Data shown:
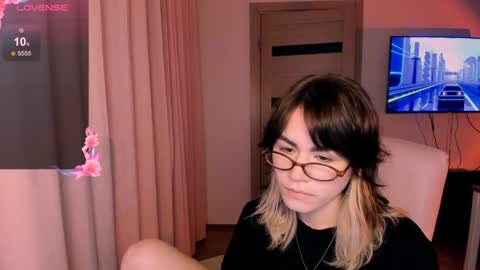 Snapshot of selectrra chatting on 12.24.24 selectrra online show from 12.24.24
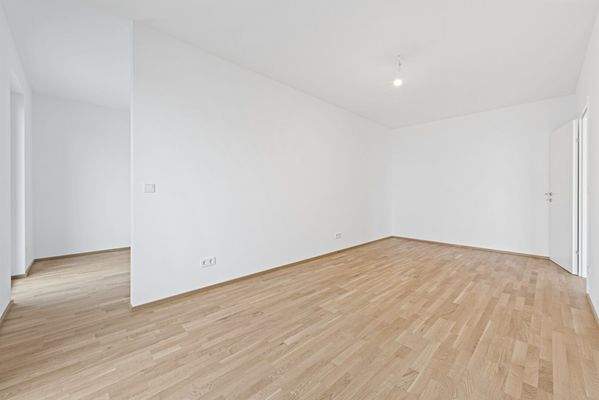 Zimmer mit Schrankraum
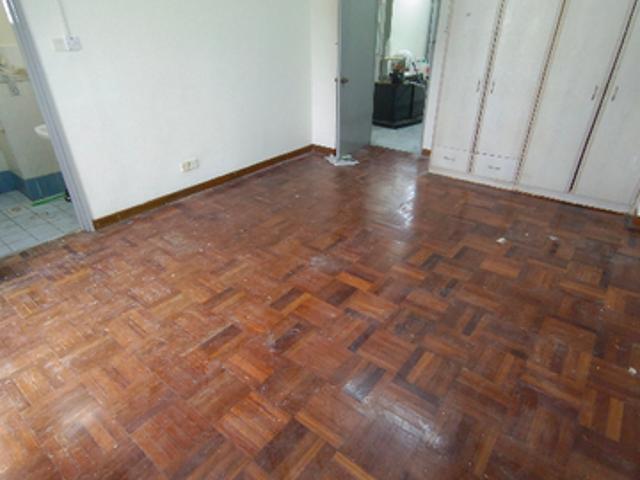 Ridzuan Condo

--

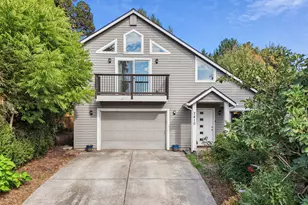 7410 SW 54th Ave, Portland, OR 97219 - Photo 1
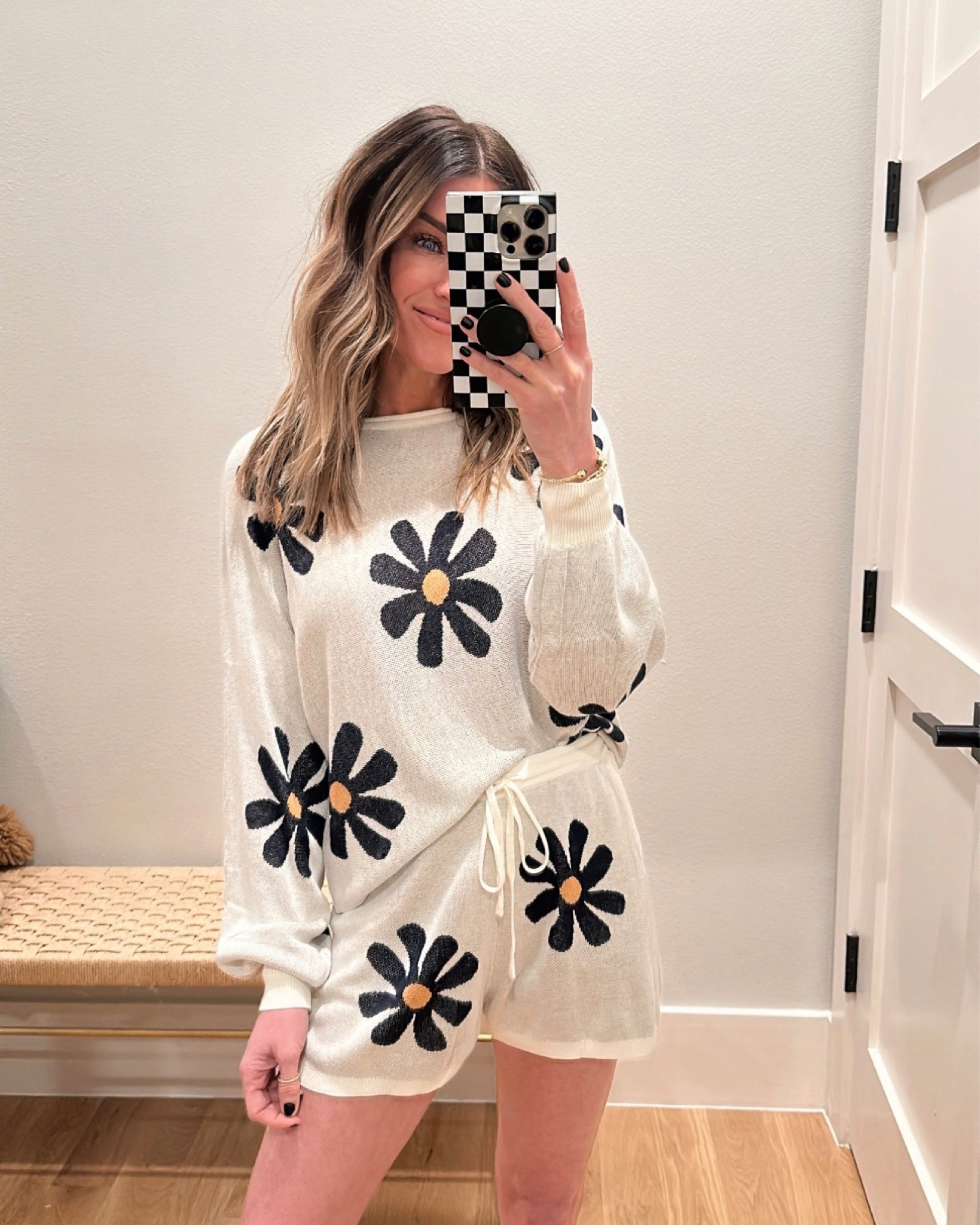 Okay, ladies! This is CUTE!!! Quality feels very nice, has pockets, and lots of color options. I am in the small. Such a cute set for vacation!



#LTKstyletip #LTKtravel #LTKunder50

Exercise brief: Range to copy from the listing above: the line containing "Snapshot of selectrra" down to the line containing "Ridzuan Condo", both included. Reproduce it exactly, minus the pictures, and add nothing.

Solution to this exercise:
 Snapshot of selectrra chatting on 12.24.24 selectrra online show from 12.24.24
 Zimmer mit Schrankraum
 Ridzuan Condo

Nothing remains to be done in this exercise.